Turning to Q3, we expect to make further progress on the integration in achieving our synergy targets and in ramping new client wins. We expect that the typical seasonal pattern of Concentrix revenue and profitability will continue. While we believe that we will see profitability gains from further synergy attainment in Q3, we’ll also see increased investment in client programs in support of sequential revenue growth in Q4, which you have historically seen. We expect Q3 revenues to reflect our efforts to refine our portfolio of clients and projects to ensure we have the right profitability mix and solution for long-term growth. For clarity, these portfolio changes are included in our thinking of being able to grow Concentrix at a rate approaching industry growth rates on a pro forma constant currency basis by the end of 2019, while increasing our non-GAAP operating margin.

As I conclude, I would like to thank all the Concentrix team members who are working to meet our clients’ needs, while completing the integration. The market positioning of our capability set in conjunction with the team’s hard work and dedication give me every confidence in our success in 2019 and beyond. Back to you, Dennis.

D
Dennis Polk
President and Chief Executive Officer

Thanks, Chris. Moving on to our Technology Solutions business, revenue of $4.6 billion was a second quarter record. Our strong non-GAAP operating margin of 2.7% in Technology Solutions reflects our continued commitment to drive leverage and secure the appropriate returns for our investment. Overall, we delivered strong revenue growth in the TS business, particularly in the U.S. As Marshall indicated, our Q2 non-GAAP gross revenue was up nearly 7% year-over-year at constant currency. Benefiting this growth were ongoing cross-selling efforts in our Westcon-Comstor business and some larger volume project wins. Revenue growth and solid profits were delivered in a majority of our products and services.

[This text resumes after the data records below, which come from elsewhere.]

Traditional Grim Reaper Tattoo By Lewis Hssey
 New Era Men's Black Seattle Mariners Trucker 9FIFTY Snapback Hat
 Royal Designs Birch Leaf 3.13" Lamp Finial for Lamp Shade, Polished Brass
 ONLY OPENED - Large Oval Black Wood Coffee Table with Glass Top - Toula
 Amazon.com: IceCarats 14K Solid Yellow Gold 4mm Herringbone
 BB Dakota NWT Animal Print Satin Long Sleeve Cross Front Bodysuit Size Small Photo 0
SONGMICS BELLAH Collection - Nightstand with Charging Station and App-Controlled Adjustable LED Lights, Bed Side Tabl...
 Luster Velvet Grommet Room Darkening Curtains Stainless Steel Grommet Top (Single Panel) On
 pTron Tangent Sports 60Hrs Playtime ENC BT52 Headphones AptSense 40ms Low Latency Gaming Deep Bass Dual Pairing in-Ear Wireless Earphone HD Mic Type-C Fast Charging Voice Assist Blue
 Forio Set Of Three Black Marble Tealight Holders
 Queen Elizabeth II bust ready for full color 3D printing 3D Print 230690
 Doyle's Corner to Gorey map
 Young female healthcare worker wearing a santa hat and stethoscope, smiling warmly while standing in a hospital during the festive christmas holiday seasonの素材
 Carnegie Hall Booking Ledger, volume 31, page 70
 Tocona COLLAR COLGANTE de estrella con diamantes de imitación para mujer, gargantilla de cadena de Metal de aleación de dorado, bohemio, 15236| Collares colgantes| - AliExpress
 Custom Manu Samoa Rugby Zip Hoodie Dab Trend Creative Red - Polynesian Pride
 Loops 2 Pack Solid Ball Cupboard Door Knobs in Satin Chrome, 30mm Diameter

Turning to our third quarter outlook, for Concentrix, as Chris indicated, we expect all key metrics to track in line to above our expectations, including Convergys integration, revenue growth, new logos, expense management and cash flow generation. We also expect the overall business to perform in line with historical seasonal trends for Q3 and achieve double-digit non-GAAP operating profit margin. In Technology Solutions, we expect Q3 to be consistent with seasonal norms on a gross revenue basis. This should translate to about the same growth on a net revenue basis than we experienced in Q2. But ultimately, will be driven by mix. Within the TS business, we expect the tech sector and its channel to remain healthy with a reasonable demand level.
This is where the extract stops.